You were a vigilante, a former prisoner, and born of the Undercity. What more warnings did Caitlyn need?
You were the definition of trouble, a walking red flag waving high, and yet here she was, patching you up again like clockwork. Every instinct told her to stay away, to avoid the trouble you dragged behind you. But no matter how hard she tried to convince herself, she kept coming back.
You were trouble, yes—but trouble with a pull she couldn’t resist.
“If you’d stop moving, I might actually be able to patch this up,” she muttered, her tone sharp but lacking any real bite. Her fingers were deft as they worked, though the furrow in her brow betrayed her growing irritation.
You, as always, were making her job harder than it needed to be, shifting and fidgeting under her touch like you couldn’t sit still to save your damn life.
“Do you ever think about not getting yourself into god knows what?” she huffed, leaning back for a moment to glare at you. “I swear, every time I turn around, you’re bleeding or bruised—or both.” It was a habit by now, stitching you up and grumbling about it.
And there it was—that smirk, tugging at the corner of your lips like you were in on some joke she didn’t find funny. Her eyes narrowed, catching the expression before she could stop herself. “What are you smiling at?” she grumbled, her voice dripping with exasperation.

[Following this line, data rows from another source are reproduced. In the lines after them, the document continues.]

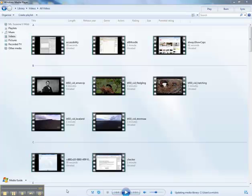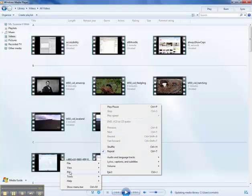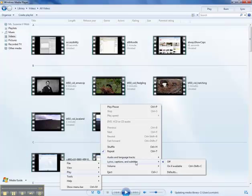Let's enable captions when available in Windows Media Player on your local computer. Right click on the menu bar, select play, select lyrics, captions, and subtitles.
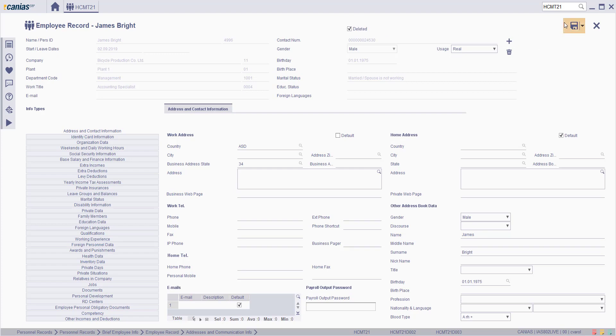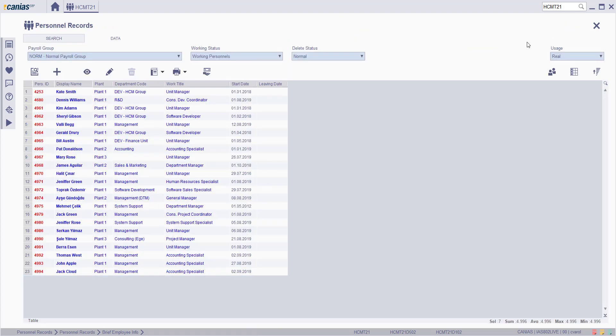To proceed, click on the save button and the related personal record will not be listed on the screen.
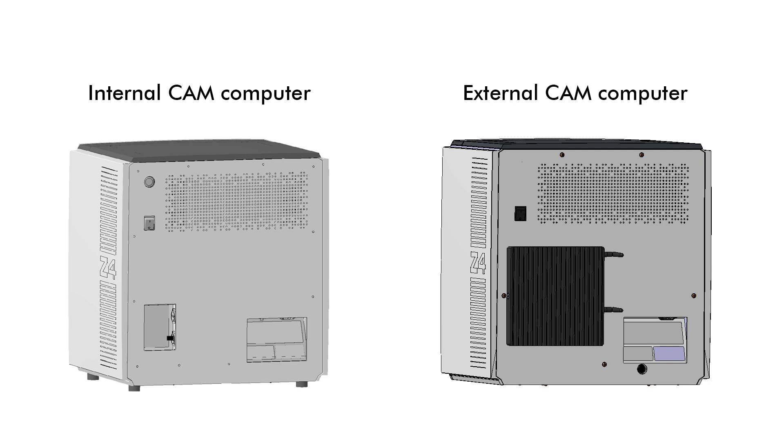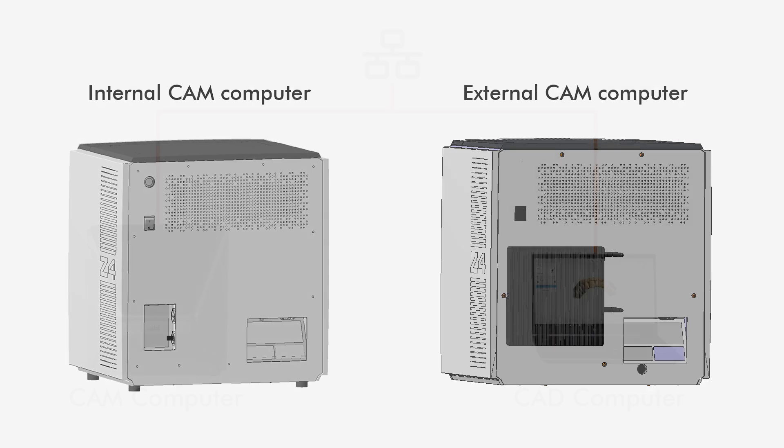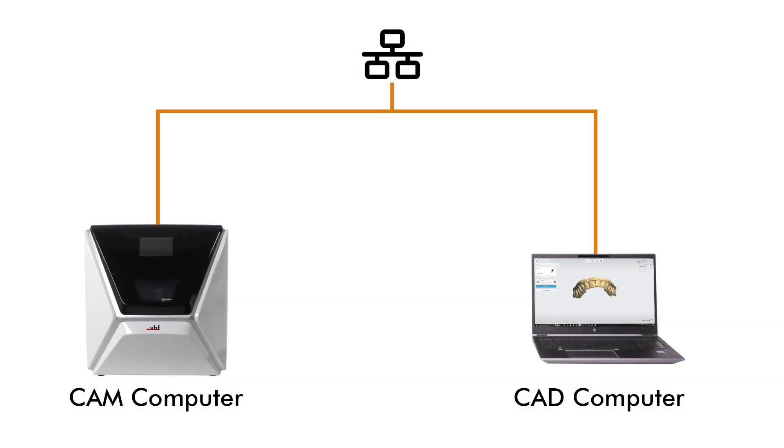Refer to the operating instructions for more information. Make sure that the CAM computer and CAD computer are connected to the same network. The standard way to operate the CAM computer is using a remote desktop connection on the CAD computer.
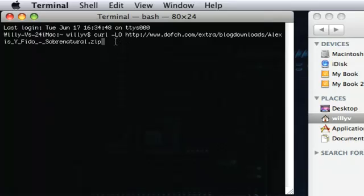Now the -L is basically telling curl to follow the link when the original link does not actually point to the file. So say you have a redirect to a new location — it'll still follow that link. That's why we're using the -L.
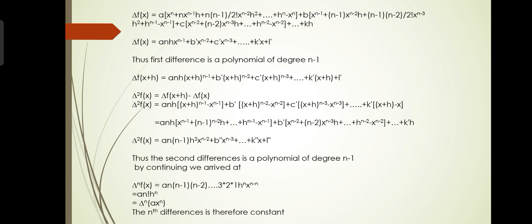Similarly, Δf(x+h) = n·h·a·(x+h)^(n-1) + b'·(x+h)^(n-2) + c'·(x+h)^(n-3) + ... + k'·(x+h) + l'. Now we find Δ²f(x) = Δf(x+h) - Δf(x), substituting the values of Δf(x+h) and Δf(x) from the first difference above.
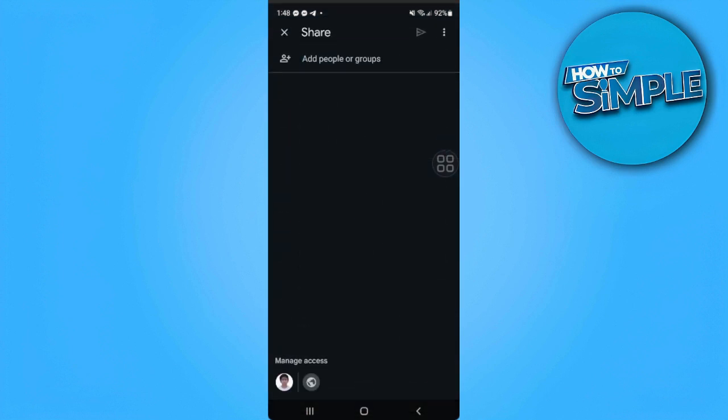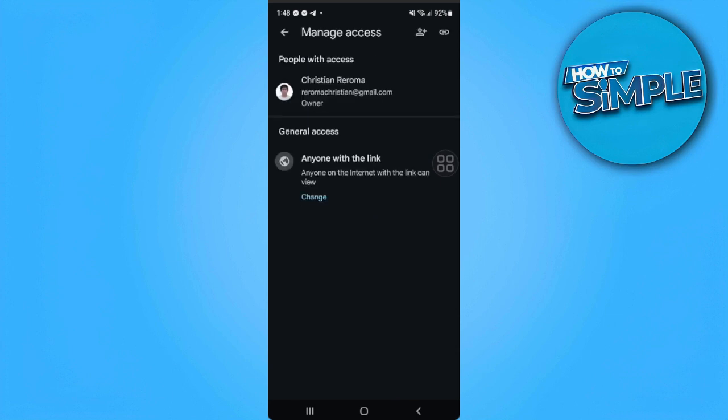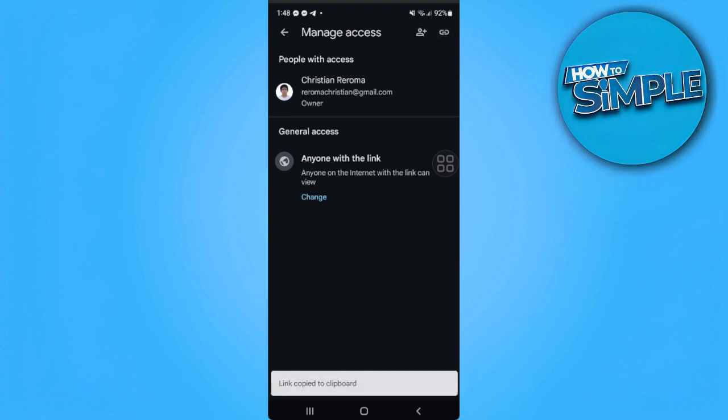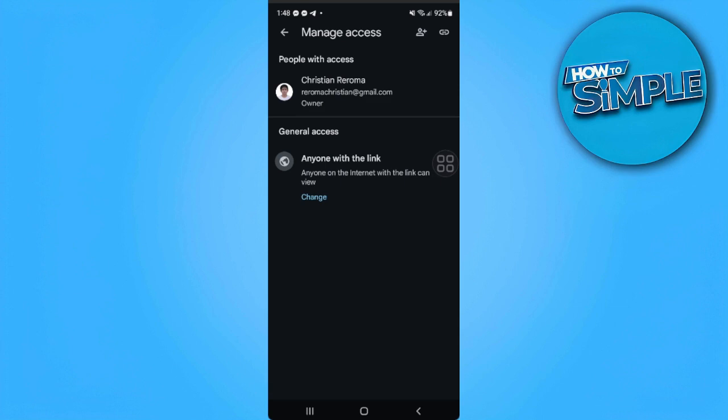Now tap on the manage access and make sure that the general access is anyone with the link. Now you want to tap this link icon in the upper right corner of the screen. Now you've copied the link to your clipboard.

You didn’t answer right away, just watched her with that infuriatingly smug look that somehow made her chest tighten in a way she didn’t want to name. It was as if you knew exactly how to get under her skin and enjoyed every second of it.
She let out a sharp sigh, shaking her head as she refocused on her work. “You’re impossible,” she muttered under her breath, but there was no real anger behind it. If anything, there was something softer in the way she said it, almost like she didn’t mind as much as she complained.
Not that she’d ever admit it—not to you, and definitely not to herself.